ASSIGNED TASK>
For this exercise, set down all the records exactly as given.

----------

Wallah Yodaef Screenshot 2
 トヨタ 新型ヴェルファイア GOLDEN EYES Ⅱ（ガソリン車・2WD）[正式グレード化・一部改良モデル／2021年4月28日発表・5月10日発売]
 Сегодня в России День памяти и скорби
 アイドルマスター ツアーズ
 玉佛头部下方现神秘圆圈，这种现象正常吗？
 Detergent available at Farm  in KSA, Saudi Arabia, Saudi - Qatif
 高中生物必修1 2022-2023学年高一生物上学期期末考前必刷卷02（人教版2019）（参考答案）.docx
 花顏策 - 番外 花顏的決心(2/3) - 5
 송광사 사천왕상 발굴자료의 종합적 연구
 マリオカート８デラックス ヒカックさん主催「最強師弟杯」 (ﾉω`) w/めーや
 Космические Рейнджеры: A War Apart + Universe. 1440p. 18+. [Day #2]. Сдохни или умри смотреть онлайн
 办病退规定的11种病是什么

----------

TASK RESPONSE>
Wallah Yodaef Screenshot 2
 トヨタ 新型ヴェルファイア GOLDEN EYES Ⅱ（ガソリン車・2WD）[正式グレード化・一部改良モデル／2021年4月28日発表・5月10日発売]
 Сегодня в России День памяти и скорби
 アイドルマスター ツアーズ
 玉佛头部下方现神秘圆圈，这种现象正常吗？
 Detergent available at Farm  in KSA, Saudi Arabia, Saudi - Qatif
 高中生物必修1 2022-2023学年高一生物上学期期末考前必刷卷02（人教版2019）（参考答案）.docx
 花顏策 - 番外 花顏的決心(2/3) - 5
 송광사 사천왕상 발굴자료의 종합적 연구
 マリオカート８デラックス ヒカックさん主催「最強師弟杯」 (ﾉω`) w/めーや
 Космические Рейнджеры: A War Apart + Universe. 1440p. 18+. [Day #2]. Сдохни или умри смотреть онлайн
 办病退规定的11种病是什么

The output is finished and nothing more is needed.